There’s a thin line between comic characters and racial caricatures—and actors of color know that all too well.
In a tweetstorm on Tuesday, the American-born actor Kal Penn unearthed a pile of audition scripts from his early career, likely before his breakthrough role in Harold & Kumar Go to White Castle. They include casting calls for ”Gandhi Lookalike, Snake Charmers, and Fire Eaters.”
The 39-year-old actor, who took a hiatus from show business to work for US president Barack Obama’s administration, is not the first Indian-American actor to chafe at the expectation that he put on an “Indian” accent like that of the convenience store-owner Apu from The Simpsons or Raj from Big Bang Theory.
In a much-talked-about episode of his show Master of None, comedian Aziz Ansari’s character does not get a callback for the role of an “Unnamed Cab Driver” after refusing to fake an Indian accent—a stance the actor and writer has taken in real life. Quantico’s Priyanka Chopra and actor-writer-producer Mindy Kaling have also made a point of playing original characters who aren’t defined first and foremost by their ethnicity.
In his tweetstorm, Penn is at his candid best, at times even revealing the show the script was for—King of Queens in one case, and Sabrina the Teenage Witch in another. He also called out MTV.
In one instance, Penn remarked that the writers didn’t even bother giving the “Foreign Student” character a name. Upon second inspection, however, Penn sarcastically added, “Oh wait yes they did” and showed a piece of dialogue in which the character says his name, “Ravi Tulu Singh Shankar Ramanji…” Another character cuts in, for comic effect, to say, ”I’ll just go with Ravi.”

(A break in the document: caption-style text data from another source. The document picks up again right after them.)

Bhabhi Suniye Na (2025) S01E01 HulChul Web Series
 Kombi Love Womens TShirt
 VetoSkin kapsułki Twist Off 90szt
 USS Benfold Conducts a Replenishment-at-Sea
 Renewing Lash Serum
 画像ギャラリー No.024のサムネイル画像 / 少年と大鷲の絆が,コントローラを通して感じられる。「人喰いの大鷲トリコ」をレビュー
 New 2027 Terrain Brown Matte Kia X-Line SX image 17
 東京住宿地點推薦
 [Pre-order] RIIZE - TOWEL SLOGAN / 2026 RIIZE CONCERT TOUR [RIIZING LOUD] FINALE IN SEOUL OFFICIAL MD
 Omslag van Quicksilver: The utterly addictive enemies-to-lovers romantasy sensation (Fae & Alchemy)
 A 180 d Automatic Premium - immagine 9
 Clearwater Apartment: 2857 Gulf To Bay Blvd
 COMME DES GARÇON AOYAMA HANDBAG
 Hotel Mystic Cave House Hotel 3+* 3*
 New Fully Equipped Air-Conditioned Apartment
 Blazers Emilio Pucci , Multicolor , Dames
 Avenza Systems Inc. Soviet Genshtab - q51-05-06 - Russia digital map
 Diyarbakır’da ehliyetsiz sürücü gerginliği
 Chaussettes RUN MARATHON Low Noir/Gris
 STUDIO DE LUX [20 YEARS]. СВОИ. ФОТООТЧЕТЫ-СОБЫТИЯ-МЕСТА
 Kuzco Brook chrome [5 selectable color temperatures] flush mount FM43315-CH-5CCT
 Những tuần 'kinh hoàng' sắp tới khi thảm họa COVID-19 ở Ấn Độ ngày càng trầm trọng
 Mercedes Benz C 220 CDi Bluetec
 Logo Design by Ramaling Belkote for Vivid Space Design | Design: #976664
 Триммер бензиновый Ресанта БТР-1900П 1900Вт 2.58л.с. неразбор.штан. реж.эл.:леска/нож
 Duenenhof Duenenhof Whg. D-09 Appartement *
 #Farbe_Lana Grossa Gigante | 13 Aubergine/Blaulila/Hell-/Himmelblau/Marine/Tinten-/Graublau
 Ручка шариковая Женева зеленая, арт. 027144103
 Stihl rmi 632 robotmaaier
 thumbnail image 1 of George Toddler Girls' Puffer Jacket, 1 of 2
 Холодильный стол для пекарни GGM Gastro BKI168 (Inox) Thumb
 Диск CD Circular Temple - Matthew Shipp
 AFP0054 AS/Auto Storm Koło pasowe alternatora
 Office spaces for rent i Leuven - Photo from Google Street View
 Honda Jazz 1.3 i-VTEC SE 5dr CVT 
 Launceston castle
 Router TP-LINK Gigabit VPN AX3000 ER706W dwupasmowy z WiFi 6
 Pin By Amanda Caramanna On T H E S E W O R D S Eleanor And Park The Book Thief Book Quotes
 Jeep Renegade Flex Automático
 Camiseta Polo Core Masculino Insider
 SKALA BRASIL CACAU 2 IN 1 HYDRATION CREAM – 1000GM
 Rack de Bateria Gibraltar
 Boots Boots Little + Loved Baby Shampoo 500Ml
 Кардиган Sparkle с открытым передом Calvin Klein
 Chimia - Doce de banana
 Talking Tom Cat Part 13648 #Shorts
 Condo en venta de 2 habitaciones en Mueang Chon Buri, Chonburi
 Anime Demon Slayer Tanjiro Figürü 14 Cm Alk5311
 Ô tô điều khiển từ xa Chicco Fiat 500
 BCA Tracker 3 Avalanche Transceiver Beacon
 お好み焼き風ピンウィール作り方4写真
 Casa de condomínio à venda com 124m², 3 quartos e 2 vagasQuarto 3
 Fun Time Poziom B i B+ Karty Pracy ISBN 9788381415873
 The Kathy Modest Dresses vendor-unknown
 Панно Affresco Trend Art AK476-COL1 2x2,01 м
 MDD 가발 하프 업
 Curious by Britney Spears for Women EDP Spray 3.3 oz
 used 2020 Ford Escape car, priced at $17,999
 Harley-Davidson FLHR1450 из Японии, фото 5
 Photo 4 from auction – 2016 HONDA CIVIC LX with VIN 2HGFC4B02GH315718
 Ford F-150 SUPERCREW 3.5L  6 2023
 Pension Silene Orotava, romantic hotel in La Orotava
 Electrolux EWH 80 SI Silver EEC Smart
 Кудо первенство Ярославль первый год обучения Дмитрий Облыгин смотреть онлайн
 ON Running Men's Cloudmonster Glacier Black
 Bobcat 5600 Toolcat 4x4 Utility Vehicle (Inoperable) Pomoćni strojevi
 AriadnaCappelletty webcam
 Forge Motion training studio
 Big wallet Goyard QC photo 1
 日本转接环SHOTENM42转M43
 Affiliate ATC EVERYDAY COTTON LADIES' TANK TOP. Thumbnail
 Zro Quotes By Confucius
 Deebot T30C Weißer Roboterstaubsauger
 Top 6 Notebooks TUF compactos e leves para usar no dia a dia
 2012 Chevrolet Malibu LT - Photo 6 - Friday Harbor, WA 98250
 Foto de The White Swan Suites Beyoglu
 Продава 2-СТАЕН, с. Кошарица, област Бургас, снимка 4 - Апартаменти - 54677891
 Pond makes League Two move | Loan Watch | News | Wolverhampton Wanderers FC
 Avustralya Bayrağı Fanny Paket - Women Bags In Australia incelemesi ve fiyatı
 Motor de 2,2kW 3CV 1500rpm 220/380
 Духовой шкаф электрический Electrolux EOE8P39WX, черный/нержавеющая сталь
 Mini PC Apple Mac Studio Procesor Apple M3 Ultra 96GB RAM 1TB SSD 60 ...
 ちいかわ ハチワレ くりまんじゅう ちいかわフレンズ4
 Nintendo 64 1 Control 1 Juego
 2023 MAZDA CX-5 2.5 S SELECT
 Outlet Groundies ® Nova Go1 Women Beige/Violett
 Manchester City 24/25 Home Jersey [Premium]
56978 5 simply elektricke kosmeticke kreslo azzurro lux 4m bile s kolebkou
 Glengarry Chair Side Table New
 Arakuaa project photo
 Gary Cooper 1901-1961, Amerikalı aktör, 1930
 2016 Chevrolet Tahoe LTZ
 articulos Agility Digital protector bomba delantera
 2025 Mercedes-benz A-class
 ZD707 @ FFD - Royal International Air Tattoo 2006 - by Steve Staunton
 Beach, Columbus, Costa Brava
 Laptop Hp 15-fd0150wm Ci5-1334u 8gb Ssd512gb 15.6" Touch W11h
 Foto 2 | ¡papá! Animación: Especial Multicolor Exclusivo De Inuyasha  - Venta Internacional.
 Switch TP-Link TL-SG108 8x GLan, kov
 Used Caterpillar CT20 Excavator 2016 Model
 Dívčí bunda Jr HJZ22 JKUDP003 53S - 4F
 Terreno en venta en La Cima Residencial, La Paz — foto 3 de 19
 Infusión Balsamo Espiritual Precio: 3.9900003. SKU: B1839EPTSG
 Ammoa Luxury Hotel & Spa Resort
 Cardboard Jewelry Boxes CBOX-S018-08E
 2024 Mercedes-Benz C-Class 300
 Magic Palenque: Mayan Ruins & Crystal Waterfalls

Penn’s auditions appear to be for bit roles, but other actors have complained that even meatier roles come with the baggage of stereotypes. “You are intermittently handed a necklace of labels to hang around your neck, neither of your choosing nor making, both constricting and decorative,” the actor Riz Ahmed wrote in his powerful essay, ”Typecast as a terrorist,” excerpted from the book The Good Immigrant and published in the Guardian.
Penn suggests he could have gone on longer on the topic, but he ended his tweetstorm with words of praise for several shows which he said did a better job: “Steve Harvey, Buffy, Angel, 24.”